* **EXERCISE BRIEF**: Search the listing below for the word "from" and return each line that contains it.

* **LISTED ENTRIES**:
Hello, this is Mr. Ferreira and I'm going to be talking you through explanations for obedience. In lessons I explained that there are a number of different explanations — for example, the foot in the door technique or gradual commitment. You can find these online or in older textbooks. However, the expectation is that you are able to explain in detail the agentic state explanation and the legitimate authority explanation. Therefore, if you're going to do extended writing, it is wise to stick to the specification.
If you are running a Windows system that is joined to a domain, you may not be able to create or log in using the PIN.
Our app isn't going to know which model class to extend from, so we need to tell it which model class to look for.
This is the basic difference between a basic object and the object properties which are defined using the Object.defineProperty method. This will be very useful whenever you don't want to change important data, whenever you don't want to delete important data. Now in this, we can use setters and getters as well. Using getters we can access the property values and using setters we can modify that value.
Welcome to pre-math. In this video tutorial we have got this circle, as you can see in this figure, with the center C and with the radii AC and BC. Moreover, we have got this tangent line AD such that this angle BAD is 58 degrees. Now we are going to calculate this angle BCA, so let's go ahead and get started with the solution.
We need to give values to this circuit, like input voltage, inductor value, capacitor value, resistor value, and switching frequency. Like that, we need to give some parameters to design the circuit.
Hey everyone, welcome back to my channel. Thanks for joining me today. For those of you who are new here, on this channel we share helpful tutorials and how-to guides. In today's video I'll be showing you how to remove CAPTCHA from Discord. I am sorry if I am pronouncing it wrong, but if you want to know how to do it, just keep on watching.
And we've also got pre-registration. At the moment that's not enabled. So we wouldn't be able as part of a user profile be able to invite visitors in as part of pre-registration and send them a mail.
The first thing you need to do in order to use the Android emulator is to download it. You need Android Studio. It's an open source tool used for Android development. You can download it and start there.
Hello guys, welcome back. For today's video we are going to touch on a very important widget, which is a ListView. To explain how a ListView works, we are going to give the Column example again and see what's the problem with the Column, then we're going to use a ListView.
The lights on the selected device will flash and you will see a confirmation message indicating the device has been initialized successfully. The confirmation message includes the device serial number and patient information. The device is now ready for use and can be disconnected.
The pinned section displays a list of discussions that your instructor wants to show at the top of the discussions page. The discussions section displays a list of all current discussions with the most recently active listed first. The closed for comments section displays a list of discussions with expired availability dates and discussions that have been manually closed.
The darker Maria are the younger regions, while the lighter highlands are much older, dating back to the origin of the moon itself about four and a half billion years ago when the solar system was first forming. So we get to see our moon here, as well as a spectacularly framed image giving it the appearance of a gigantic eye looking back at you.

* **ANSWER TO THE EXERCISE**:
Our app isn't going to know which model class to extend from, so we need to tell it which model class to look for.
Hey everyone, welcome back to my channel. Thanks for joining me today. For those of you who are new here, on this channel we share helpful tutorials and how-to guides. In today's video I'll be showing you how to remove CAPTCHA from Discord. I am sorry if I am pronouncing it wrong, but if you want to know how to do it, just keep on watching.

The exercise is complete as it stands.